*** DATA FOR PROCESSING ***
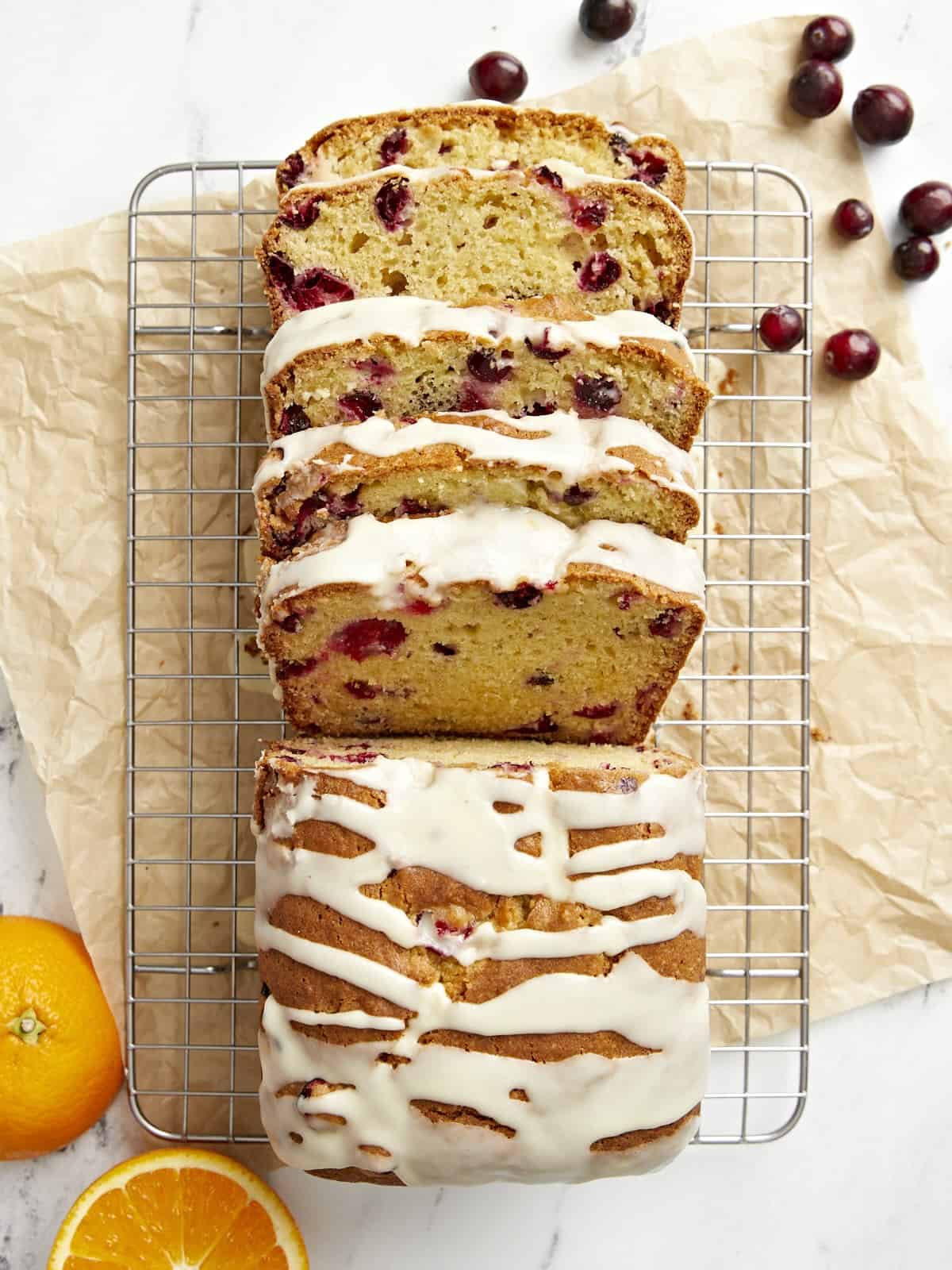Overhead view of a sliced loaf of cranberry orange bread on a cooling rack.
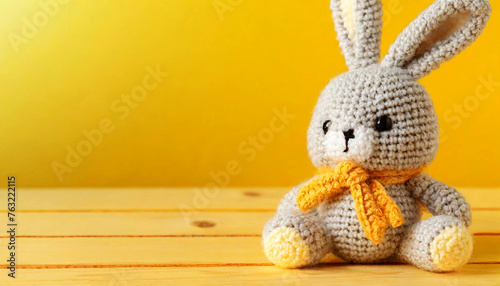 Closeup of a cute knitted easter bunny sitting on a wooden table against a yellow background with copy space. Template for an Easter greeting card. Generative Ai.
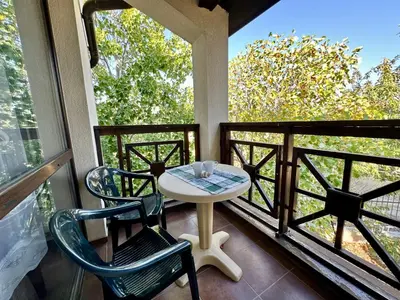 a balcony with a table and two chairs on a porch at Menada Imperial Heights Apartments in Sunny Beach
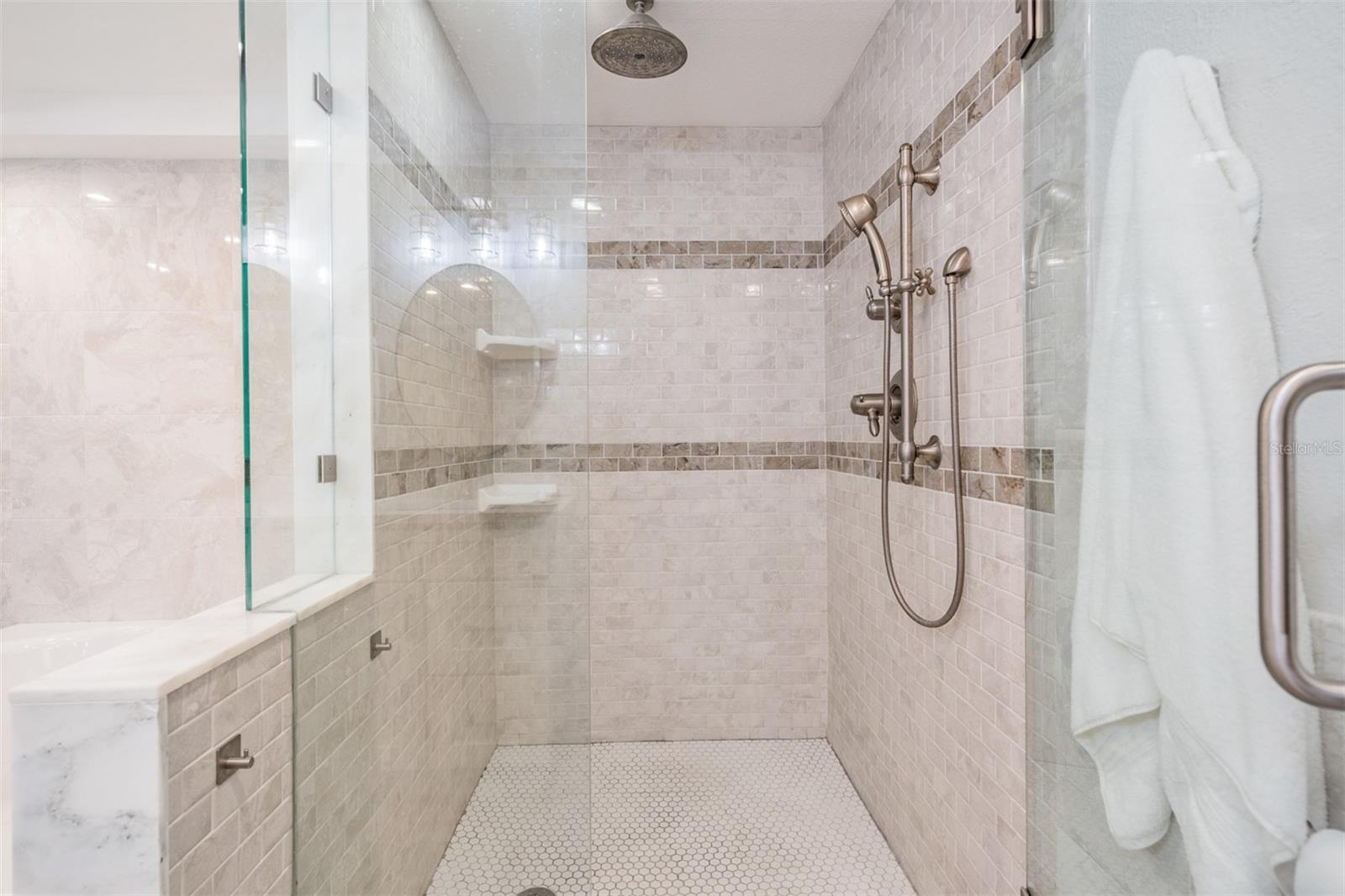 beautifully tiled shower with rainhead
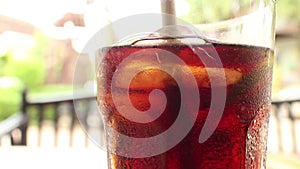 Close up of a glass of cola-colored fizzy drink with indistinct chair and bac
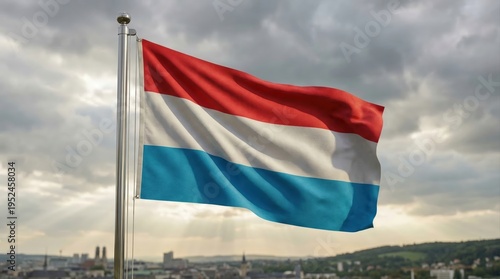 The national flag of Luxembourg waving majestically on a flagpole with a blurred cityscape and rolling hills in the background a vibrant symbol of the Grand Duchy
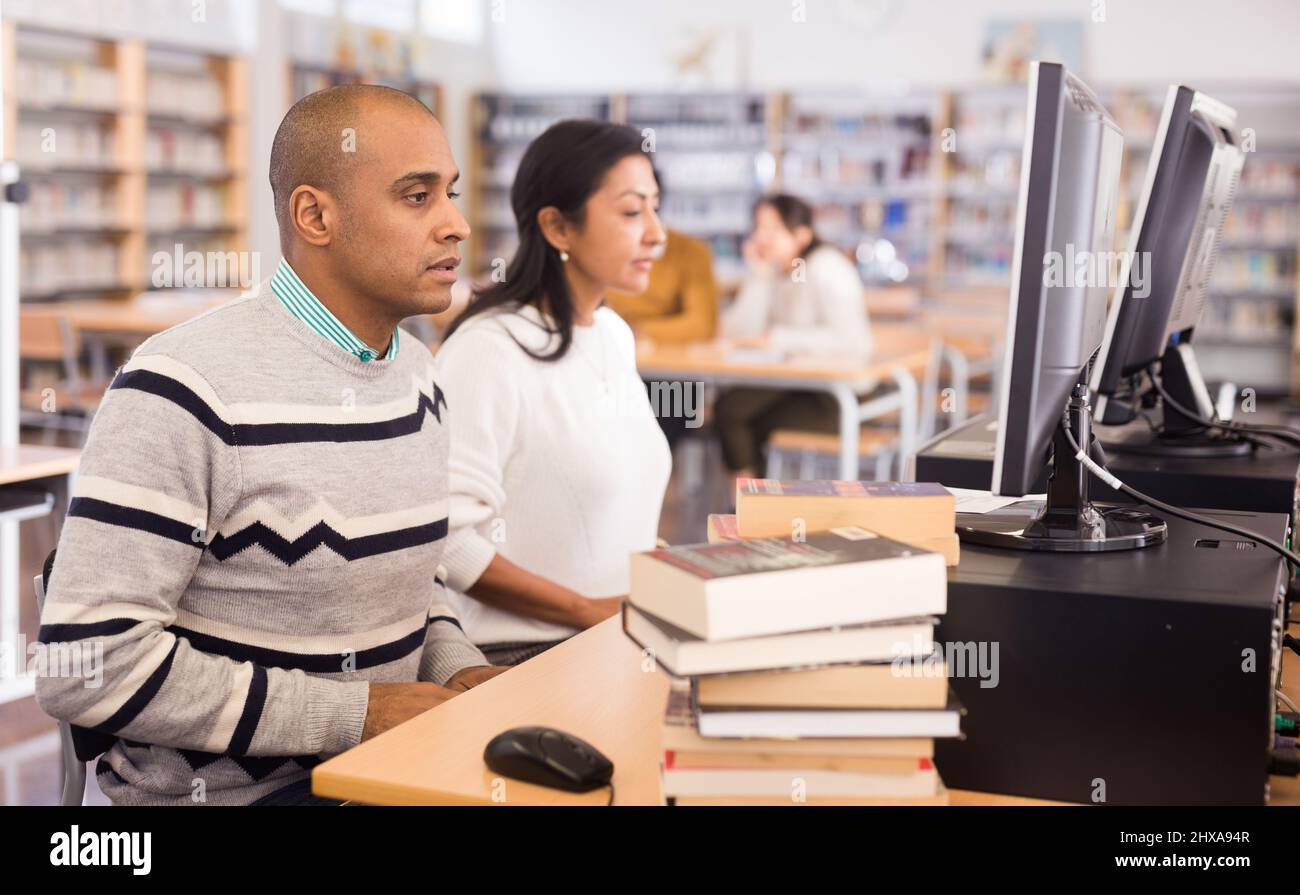 lateinamerikanischer Mann, der in der Computerklasse in der öffentlichen Bibliothek studiert Stockfoto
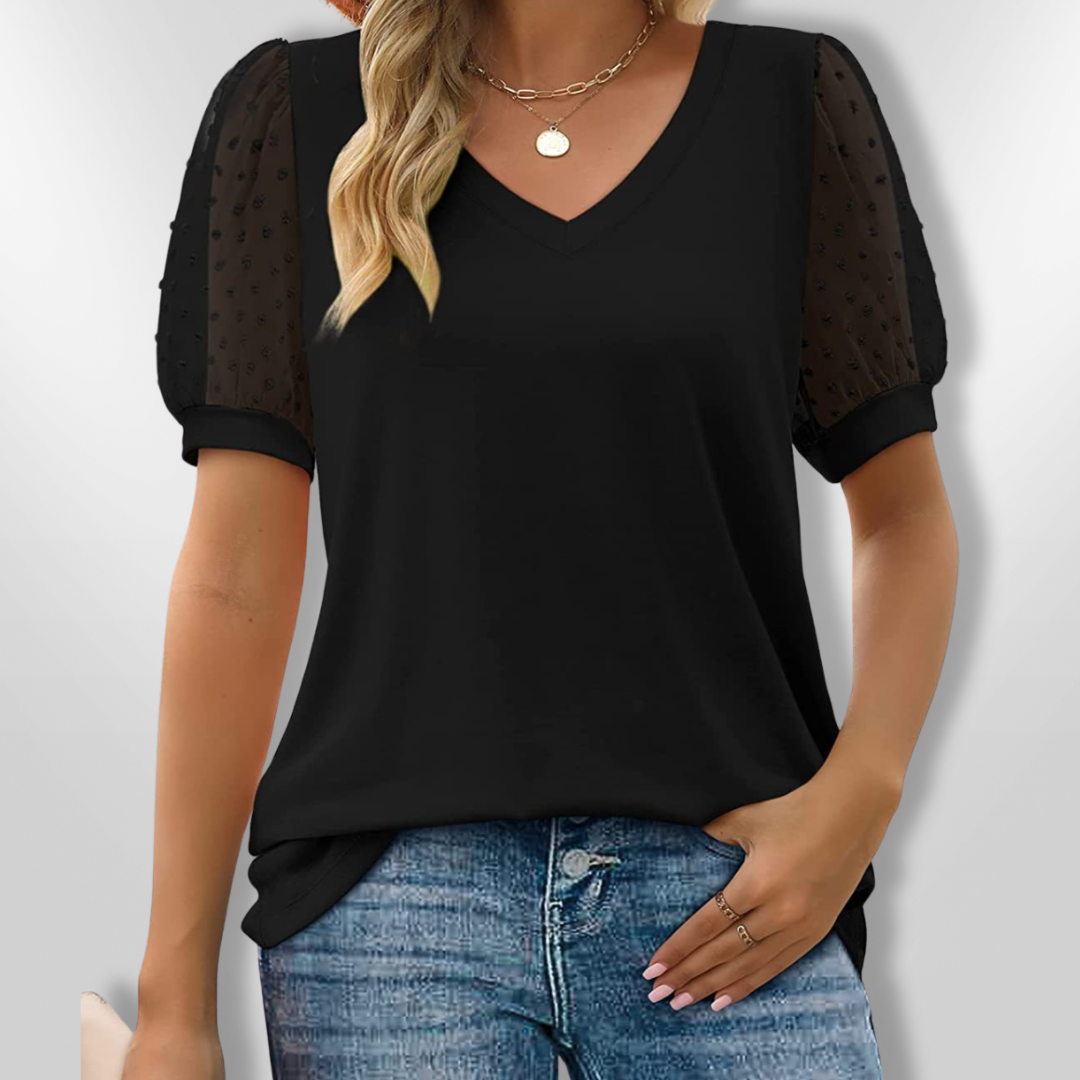 Elegant kvinnebluse med V-hals og trendy puffermer, perfekt for fest eller en stilfull hverdag.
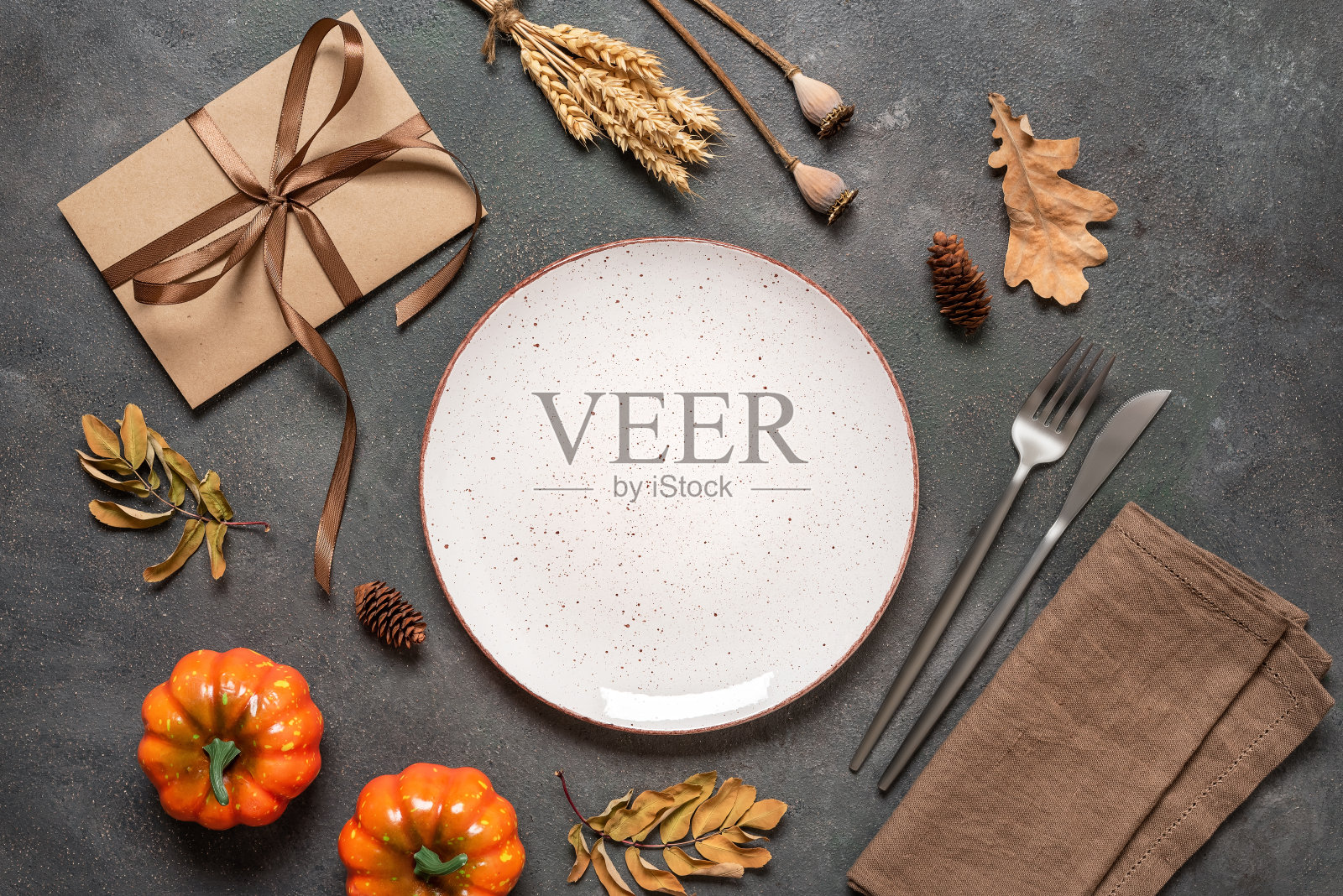 深色背景的秋季餐桌布景。空的白色盘子，餐具，亚麻餐巾和秋天的装饰。俯视图，平铺。照片摄影图片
***
What you should return is the exact text of every line from the top of the entries through the line with "Closeup of a", pictures removed.

Overhead view of a sliced loaf of cranberry orange bread on a cooling rack.
 Closeup of a cute knitted easter bunny sitting on a wooden table against a yellow background with copy space. Template for an Easter greeting card. Generative Ai.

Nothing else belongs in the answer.